Germany expects up to 800,000 migrants this year

Interior minister says country could see four times the number from last year of people seeking asylum.

Refugee camp in Germany
Germany says it has room for 45,000 migrants in temporary facilities but estimates it needs up to 150,000 places [EPA]

Germany could see as many as 800,000 migrants arriving this year – four times the number from last year, the country’s interior minister has said, citing current trends as a signal for the drastic increase.

Thomas de Maiziere told reporters on Wednesday that more than 360,000 migrants have entered Germany this year, including a record of 83,000 in July, which he predicted would be broken in August.
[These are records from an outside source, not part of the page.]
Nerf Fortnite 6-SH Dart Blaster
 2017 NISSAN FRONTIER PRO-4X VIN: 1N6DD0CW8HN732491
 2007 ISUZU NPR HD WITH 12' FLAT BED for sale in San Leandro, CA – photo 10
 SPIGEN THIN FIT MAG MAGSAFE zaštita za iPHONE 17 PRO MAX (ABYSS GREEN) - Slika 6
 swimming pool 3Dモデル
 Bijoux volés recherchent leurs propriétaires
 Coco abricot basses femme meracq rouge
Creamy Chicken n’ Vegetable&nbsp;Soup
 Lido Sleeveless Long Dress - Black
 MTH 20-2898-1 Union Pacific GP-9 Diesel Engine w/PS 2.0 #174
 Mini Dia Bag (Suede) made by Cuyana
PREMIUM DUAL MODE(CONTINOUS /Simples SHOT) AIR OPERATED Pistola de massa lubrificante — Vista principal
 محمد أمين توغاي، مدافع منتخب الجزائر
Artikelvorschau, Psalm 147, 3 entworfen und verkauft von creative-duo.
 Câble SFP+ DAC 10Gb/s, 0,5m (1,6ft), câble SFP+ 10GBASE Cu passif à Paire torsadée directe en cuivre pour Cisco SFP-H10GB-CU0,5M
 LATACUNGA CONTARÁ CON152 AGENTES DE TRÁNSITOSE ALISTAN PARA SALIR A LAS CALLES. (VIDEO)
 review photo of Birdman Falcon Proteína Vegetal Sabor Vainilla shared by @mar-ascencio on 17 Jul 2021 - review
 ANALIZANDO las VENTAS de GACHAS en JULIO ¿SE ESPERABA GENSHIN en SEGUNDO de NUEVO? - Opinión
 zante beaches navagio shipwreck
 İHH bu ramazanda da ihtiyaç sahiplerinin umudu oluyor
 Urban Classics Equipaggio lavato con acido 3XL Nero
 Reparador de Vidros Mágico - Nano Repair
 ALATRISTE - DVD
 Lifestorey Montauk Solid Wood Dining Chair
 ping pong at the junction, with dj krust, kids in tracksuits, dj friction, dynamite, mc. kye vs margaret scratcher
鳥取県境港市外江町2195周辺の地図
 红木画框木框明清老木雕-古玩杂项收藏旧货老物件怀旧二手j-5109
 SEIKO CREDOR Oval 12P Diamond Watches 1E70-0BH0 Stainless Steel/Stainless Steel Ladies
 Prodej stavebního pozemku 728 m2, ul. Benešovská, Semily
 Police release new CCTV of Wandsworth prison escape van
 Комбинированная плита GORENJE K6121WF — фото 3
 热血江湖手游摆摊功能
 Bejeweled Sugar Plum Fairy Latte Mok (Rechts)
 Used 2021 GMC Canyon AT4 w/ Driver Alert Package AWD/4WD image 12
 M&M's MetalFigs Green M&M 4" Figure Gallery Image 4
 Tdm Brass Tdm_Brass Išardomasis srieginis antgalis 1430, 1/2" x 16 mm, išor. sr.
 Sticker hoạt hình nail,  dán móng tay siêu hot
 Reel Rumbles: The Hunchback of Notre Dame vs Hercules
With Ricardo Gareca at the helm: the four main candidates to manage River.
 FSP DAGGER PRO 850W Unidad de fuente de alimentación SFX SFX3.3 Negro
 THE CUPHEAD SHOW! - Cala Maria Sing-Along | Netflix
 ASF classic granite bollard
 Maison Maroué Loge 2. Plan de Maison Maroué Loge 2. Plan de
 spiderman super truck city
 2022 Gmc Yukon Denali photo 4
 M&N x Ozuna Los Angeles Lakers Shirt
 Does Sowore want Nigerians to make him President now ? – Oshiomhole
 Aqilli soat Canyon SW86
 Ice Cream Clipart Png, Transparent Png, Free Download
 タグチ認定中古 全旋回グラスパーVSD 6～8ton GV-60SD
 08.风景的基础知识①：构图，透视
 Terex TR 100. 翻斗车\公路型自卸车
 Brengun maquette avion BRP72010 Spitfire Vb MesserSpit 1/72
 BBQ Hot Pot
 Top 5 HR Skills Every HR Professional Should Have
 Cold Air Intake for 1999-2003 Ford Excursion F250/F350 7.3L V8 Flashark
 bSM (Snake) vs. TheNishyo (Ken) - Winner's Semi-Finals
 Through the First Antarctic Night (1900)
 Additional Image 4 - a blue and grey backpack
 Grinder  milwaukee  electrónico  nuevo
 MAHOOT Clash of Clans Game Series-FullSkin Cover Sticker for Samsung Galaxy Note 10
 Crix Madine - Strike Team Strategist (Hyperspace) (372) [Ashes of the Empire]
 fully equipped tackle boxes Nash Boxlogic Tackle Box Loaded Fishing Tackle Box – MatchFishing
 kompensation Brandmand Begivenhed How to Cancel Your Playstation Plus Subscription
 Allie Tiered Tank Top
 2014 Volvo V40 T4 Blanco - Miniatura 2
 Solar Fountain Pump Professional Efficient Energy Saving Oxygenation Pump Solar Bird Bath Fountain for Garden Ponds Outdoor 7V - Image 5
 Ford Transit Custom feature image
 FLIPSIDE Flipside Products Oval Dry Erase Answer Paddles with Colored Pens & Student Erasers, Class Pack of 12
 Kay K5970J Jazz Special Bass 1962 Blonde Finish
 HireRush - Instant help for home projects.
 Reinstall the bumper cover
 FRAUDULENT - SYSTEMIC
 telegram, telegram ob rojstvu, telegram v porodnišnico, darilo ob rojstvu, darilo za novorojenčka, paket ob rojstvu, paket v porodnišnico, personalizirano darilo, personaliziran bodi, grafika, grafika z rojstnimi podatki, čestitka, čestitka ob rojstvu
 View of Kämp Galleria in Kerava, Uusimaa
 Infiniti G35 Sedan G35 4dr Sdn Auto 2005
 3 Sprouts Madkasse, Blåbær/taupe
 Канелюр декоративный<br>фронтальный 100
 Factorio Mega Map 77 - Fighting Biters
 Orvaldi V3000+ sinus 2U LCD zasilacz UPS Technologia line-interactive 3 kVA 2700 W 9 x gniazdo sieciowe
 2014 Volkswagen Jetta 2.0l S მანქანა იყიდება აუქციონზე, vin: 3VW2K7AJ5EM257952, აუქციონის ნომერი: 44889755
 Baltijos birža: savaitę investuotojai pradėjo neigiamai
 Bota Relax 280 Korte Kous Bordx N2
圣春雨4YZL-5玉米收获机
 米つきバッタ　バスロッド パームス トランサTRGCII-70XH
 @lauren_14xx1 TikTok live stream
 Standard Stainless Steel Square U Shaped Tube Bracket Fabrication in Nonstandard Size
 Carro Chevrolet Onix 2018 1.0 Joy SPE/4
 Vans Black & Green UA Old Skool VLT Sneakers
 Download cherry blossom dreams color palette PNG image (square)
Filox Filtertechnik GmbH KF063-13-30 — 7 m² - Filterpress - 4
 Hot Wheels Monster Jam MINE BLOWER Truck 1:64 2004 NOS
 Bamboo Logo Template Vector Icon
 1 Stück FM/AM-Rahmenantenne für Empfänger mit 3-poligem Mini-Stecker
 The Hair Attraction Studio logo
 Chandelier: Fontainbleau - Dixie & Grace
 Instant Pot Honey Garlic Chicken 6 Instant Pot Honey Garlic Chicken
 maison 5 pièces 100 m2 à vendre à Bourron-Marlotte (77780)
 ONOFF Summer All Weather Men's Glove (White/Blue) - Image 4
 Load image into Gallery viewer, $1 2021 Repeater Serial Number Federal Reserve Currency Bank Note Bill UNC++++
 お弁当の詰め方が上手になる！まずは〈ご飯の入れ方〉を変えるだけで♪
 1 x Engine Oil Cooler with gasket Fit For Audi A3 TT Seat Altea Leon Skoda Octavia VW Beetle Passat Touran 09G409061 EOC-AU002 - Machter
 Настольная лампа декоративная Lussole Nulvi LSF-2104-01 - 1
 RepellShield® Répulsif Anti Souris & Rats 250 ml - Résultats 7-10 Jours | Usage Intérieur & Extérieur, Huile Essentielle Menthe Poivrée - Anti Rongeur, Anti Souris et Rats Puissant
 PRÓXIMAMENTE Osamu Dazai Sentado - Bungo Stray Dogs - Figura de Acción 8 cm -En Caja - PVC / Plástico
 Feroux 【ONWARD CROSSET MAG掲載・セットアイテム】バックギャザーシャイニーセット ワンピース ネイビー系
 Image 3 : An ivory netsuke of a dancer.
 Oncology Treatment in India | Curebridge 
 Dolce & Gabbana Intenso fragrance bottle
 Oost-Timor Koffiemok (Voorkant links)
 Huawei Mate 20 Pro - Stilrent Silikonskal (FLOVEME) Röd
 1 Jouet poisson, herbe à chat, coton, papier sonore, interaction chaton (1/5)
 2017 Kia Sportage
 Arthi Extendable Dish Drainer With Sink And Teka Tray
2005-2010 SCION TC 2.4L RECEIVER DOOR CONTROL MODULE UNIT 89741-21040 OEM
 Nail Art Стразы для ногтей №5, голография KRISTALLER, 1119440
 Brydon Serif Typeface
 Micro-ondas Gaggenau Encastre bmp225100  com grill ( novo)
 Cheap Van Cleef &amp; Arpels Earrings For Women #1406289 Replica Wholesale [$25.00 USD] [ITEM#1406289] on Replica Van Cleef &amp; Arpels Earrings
Germany remains the top destination for refugees in Europe, receiving 43 percent of all asylum applications in the 28-nation European Union, he said, adding that Europe has to come up with a better way to share the burden.

“Germany cannot take 40 percent of all of the asylum seekers forever,” he said.

The minister said temporary housing was in short supply but officials were working to resolve that. Germany has room for 45,000 people in temporary facilities but estimates it needs up to 150,000 places.

‘Likely unsustainable’

De Maiziere said government agencies had received “massive increases” in personnel to speed up the process of applying for asylum. Through July, Germany received 218,221 asylum applications, an increase of nearly 125 percent compared to the same period last year.

Germany is also looking at differentiating between refugees from war-torn countries like Syria, Iraq or Afghanistan, and the roughly 40 percent of asylum applicants who come from the Balkan nations.

In Geneva, the UN refugee chief, Antonio Guterres, told the AP news agency that Germany’s giant role in taking in migrants was “very probably unsustainable” and called for a broader response from the European Union. He said the situation pointed to “obvious dysfunction of the European asylum system”.

Guterres cautioned that other EU nations should not read the “generous” effort by Germany as a chance “to wash their hands and think, well, they are going to Germany – we don’t need to worry.”